EXERCISE DETAILS: Copy the following data exactly and drop the pictures.

INFORMATION PROVIDED:
· · · ·

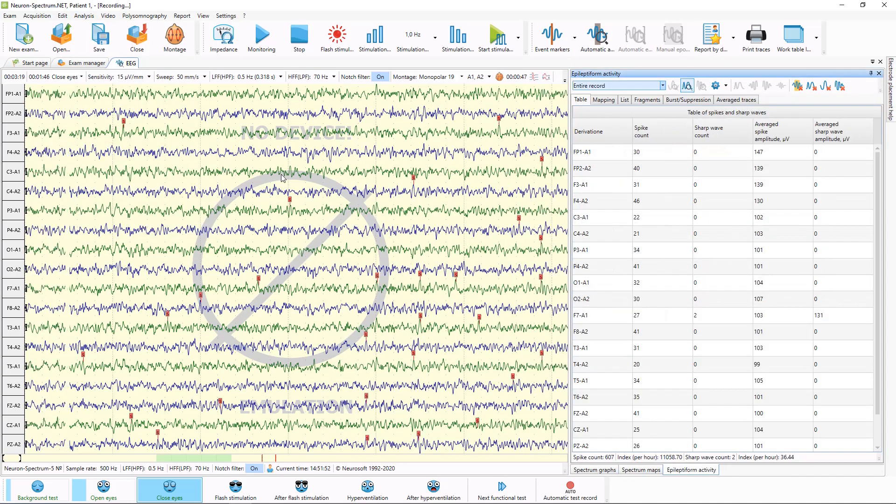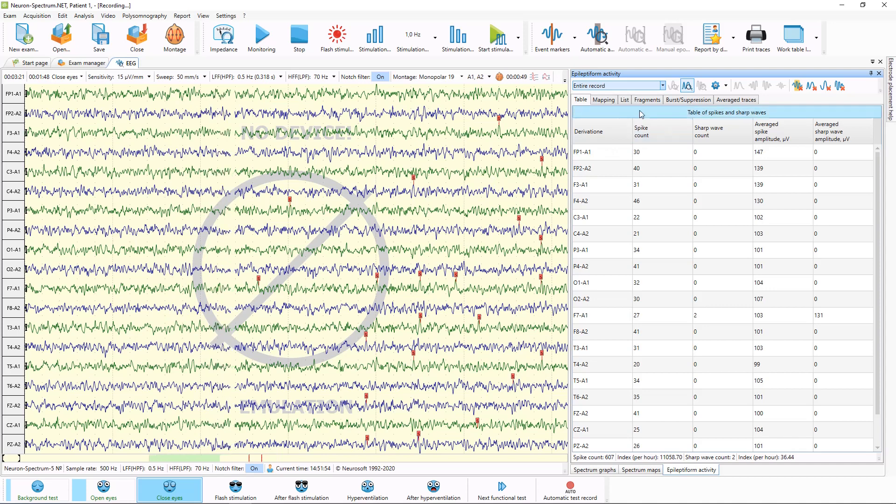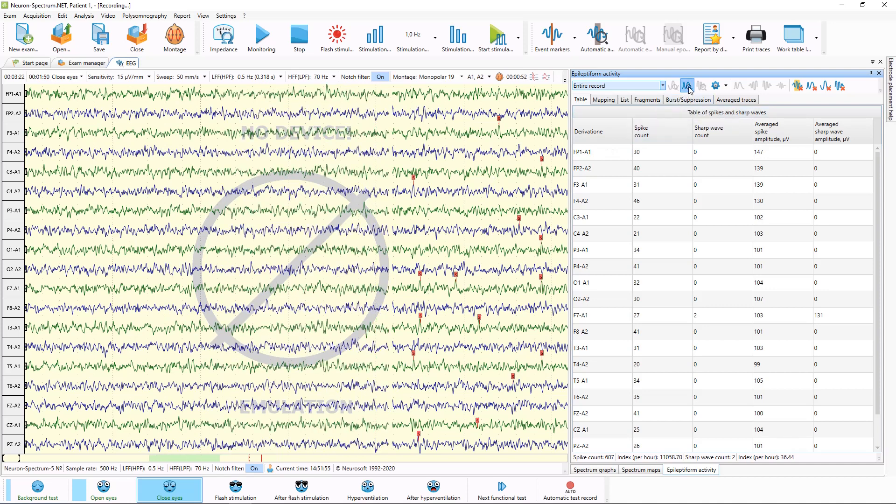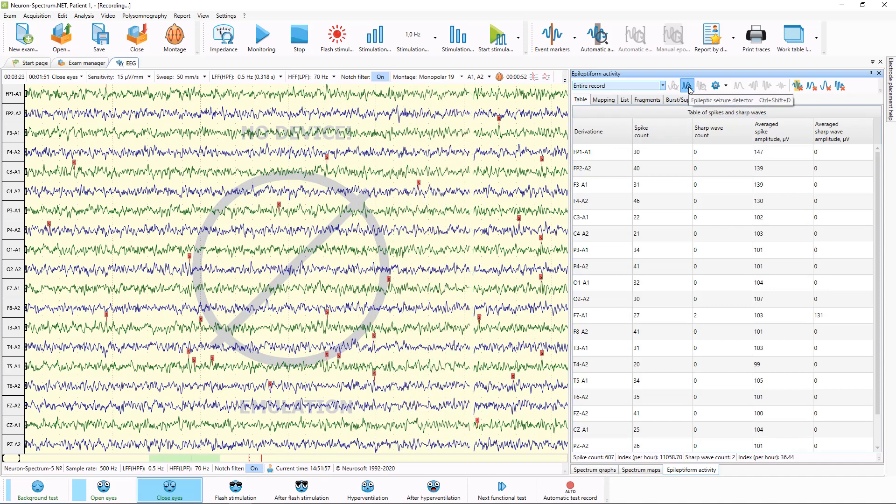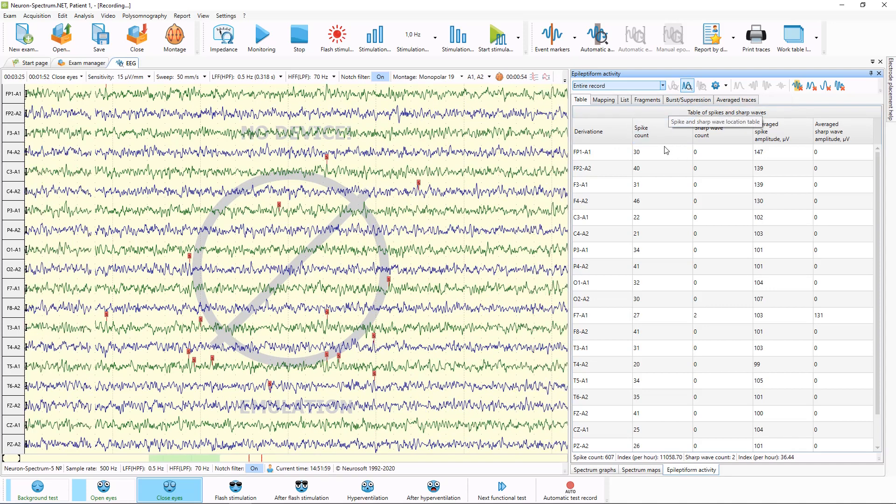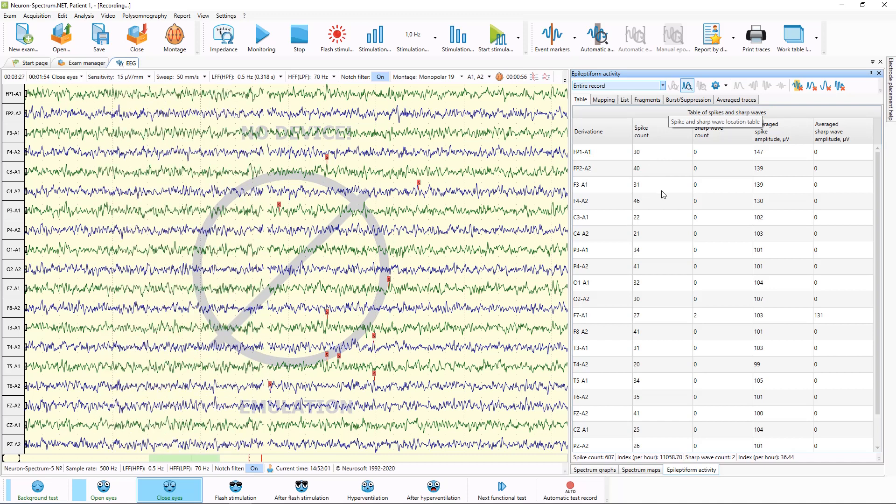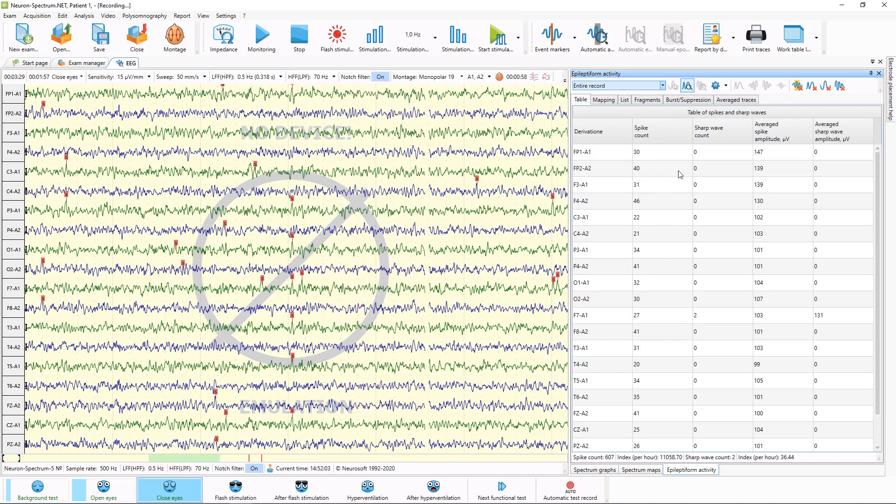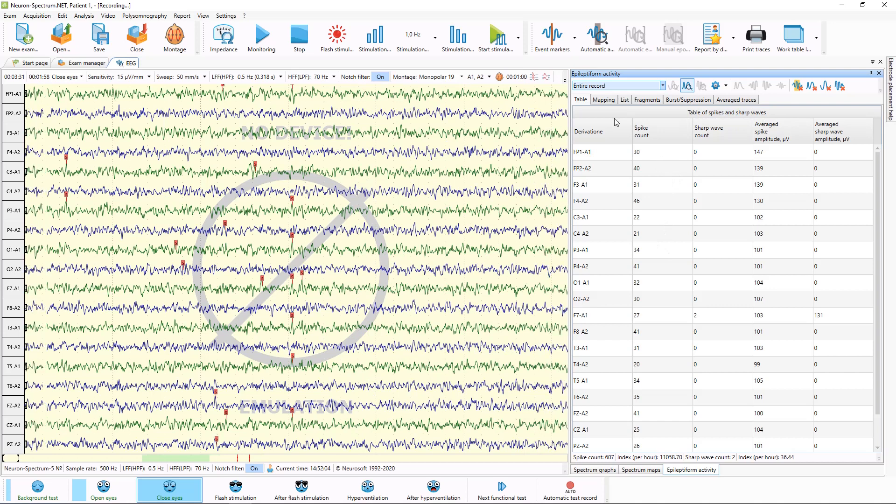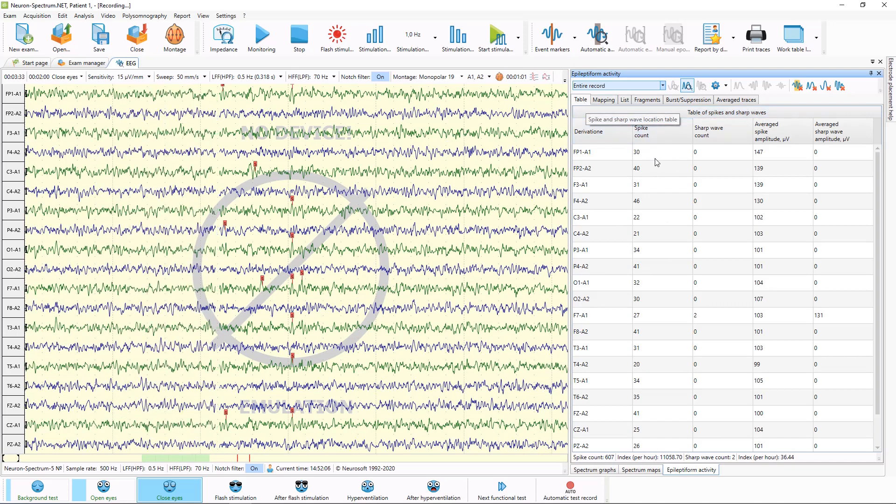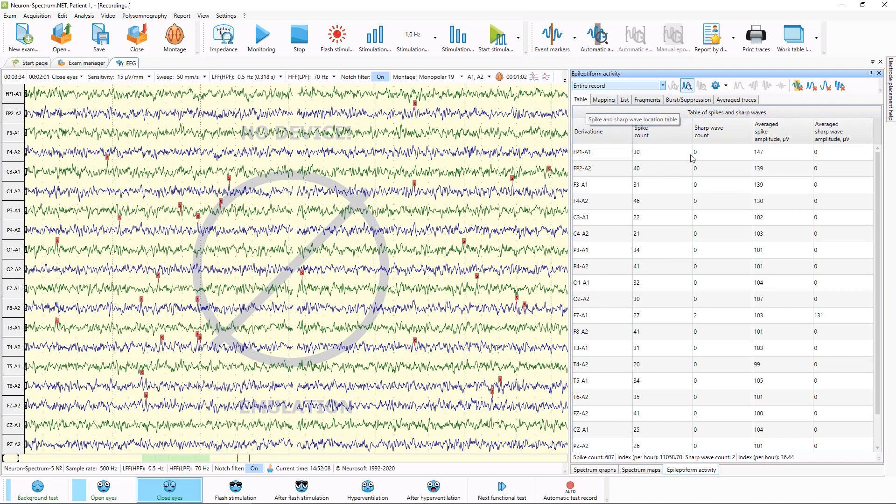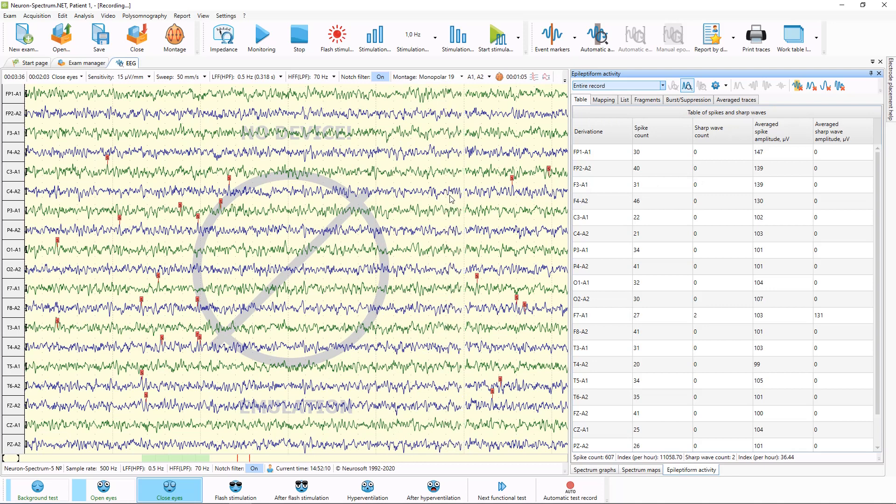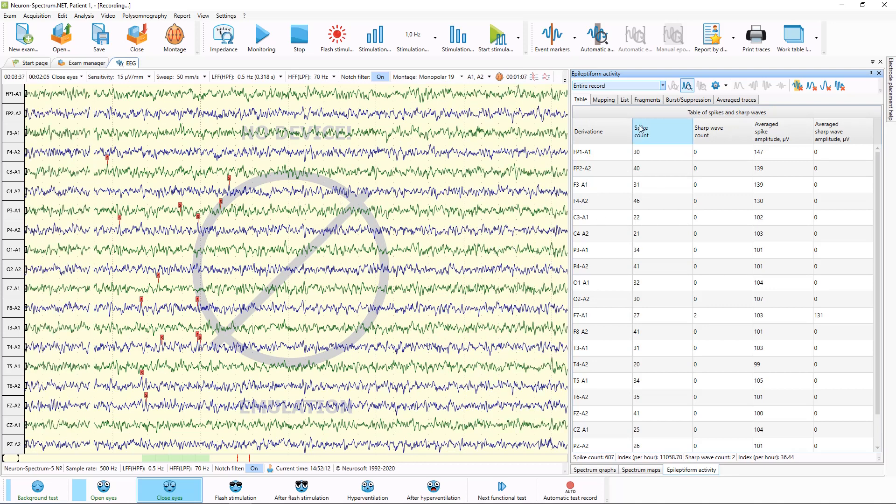In epileptiform activity window, you can start or stop epileptiform activity detector, and also you can review results of epileptiform activity analysis. Here on first tab, you can see table with all spikes and sharp waves which are found on the traces.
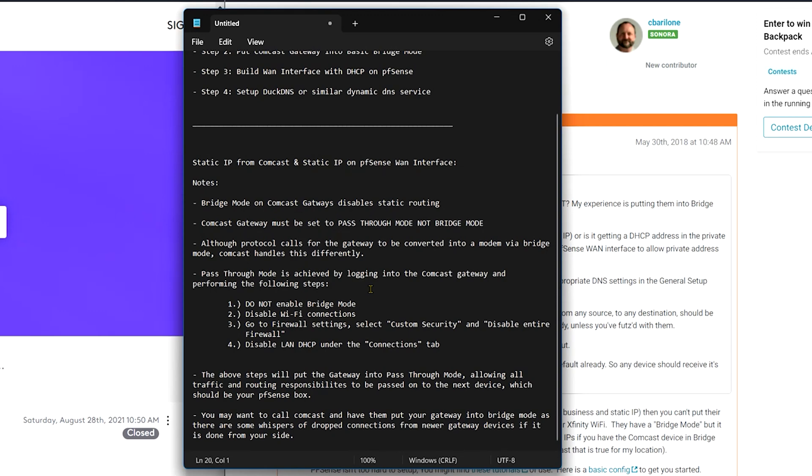Okay. And the above steps will put the Comcast gateway into pass through mode. And from that point on, all traffic and routing responsibilities would be passed to your WAN interface and static routing is not disabled via this route. So when you plug that one single connection into the Comcast gateway, Comcast will assign your WAN interface, WAN interface on your pfSense box, the static information. And then of course you have to configure the interface the right way on your pfSense box as well.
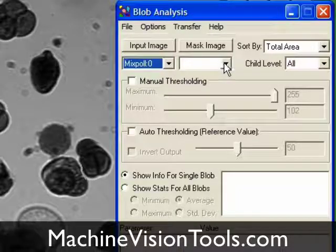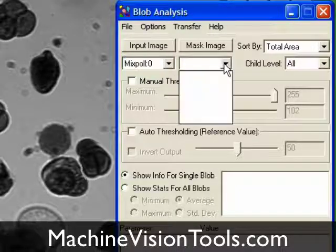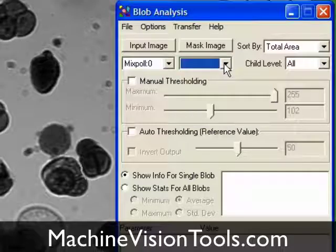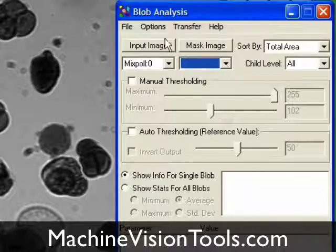The Blob Analysis Tool gives you the option of selecting a mask image to use to find blobs, or to create a mask image automatically during the blob finding operation. That's what we want to do, so we'll leave the output image empty.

· · · ·

RESPONSE:
In epileptiform activity window, you can start or stop epileptiform activity detector, and also you can review results of epileptiform activity analysis. Here on first tab, you can see table with all spikes and sharp waves which are found on the traces.
Okay. And the above steps will put the Comcast gateway into pass through mode. And from that point on, all traffic and routing responsibilities would be passed to your WAN interface and static routing is not disabled via this route. So when you plug that one single connection into the Comcast gateway, Comcast will assign your WAN interface, WAN interface on your pfSense box, the static information. And then of course you have to configure the interface the right way on your pfSense box as well.
The Blob Analysis Tool gives you the option of selecting a mask image to use to find blobs, or to create a mask image automatically during the blob finding operation. That's what we want to do, so we'll leave the output image empty.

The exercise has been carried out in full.